提取HOG特征用的函数和CPP文件作者已经给出并编译
什么也不输入时,默认为使用HOG特征和高斯核函数(还可以选择使用灰度特征和线性核)
要把base_path改成自己的benchamark文件夹所在路径(第43行),比如:
base_path = ‘F:\track\Benchmark\’;

主函数中给出的相关参数:
padding 目标搜索范围系数,决定了每帧进行检测的范围
Lambada 正则化参数λ
output_sigma_factor 空间带宽:与目标大小成比例
interp_factor 时间更新系数
sigma 高斯核函数的带宽/方差
poly_a/poly_b
cell_size 求HOG特征时cell的尺寸

%  High-Speed Tracking with Kernelized Correlation Filters
%
%  Joao F. Henriques, 2014
%  http://www.isr.uc.pt/~henriques/
%
%------------------------------------------------------------------------------------------------------------
%  内核化/双相关滤波器的主函数(KCF/DCF)。这个函数负责设置参数,加载视频信息和计算精度。

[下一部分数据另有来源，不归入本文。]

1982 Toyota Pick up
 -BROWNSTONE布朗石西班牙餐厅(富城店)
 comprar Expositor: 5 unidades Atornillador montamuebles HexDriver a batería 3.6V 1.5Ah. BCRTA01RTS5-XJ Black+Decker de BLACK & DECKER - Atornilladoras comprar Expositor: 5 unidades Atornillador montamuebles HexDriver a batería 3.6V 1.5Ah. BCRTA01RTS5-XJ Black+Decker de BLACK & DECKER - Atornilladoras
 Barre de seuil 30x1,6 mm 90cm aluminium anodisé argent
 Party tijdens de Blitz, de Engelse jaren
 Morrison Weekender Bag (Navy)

对于实际的跟踪代码进行检查跟踪器函数。
%
%  Main interface for Kernelized/Dual Correlation Filters (KCF/DCF).  
%  This function takes care of setting up parameters, loading video
%  information and computing precisions. For the actual tracking code,
%  check out the TRACKER function. 
%  
%--------------------------------------------------------------------------------------------------------------
%  没有任何参数,会要求您选择视频,跟踪使用的高斯KCF上的HOG,并在交互中显示结果的人物。
%  按下“Esc”可以提前停止跟踪器。你可以浏览视频使用滚动条在底部。
%
%  RUN_TRACKER
%    Without any parameters, will ask you to choose a video, track using
%    the Gaussian KCF on HOG, and show the results in an interactive
%    figure. Press 'Esc' to stop the tracker early. You can navigate the
%    video using the scrollbar at the bottom.
%
%--------------------------------------------------------------------------------------------------------------
%  允许您选择一个视频的名称。all将运行所有视频,并显示平均统计数据。“选择”将交互式地选择一个。
%
%  RUN_TRACKER VIDEO
%    Allows you to select a VIDEO by its name. 'all' will run all videos
%    and show average statistics. 'choose' will select one interactively.
%
%---------------------------------------------------------------------------------------------------------------
%  选择一个内核。'高斯'/'多项式'运行KCF'线性'DCF%
%  RUN_TRACKER VIDEO KERNEL
%    Choose a KERNEL. 'gaussian'/'polynomial' to run KCF, 'linear' for DCF.
%
%---------------------------------------------------------------------------------------------------------------
%  选择一个特征类型,要么是“hog”,要么是“gray”(原始像素)%
%  RUN_TRACKER VIDEO KERNEL FEATURE
%    Choose a FEATURE type, either 'hog' or 'gray' (raw pixels).
%
%---------------------------------------------------------------------------------------------------------------
%  决定是否显示可滚动图形和精度图。
%
%  RUN_TRACKER(VIDEO, KERNEL, FEATURE, SHOW_VISUALIZATION, SHOW_PLOTS)
%    Decide whether to show the scrollable figure, and the precision plot.
%
%---------------------------------------------------------------------------------------------------------------
%  有用的组合:
%
%  Useful combinations:
%  >> run_tracker choose gaussian hog  %Kernelized Correlation Filter (KCF)
%  >> run_tracker choose linear hog    %Dual Correlation Filter (DCF)
%  >> run_tracker choose gaussian gray %Single-channel KCF (ECCV'12 paper)
%  >> run_tracker choose linear gray   %MOSSE filter (single channel)
%


function [precision, fps] = run_tracker(video, kernel_type, feature_type, show_visualization, show_plots)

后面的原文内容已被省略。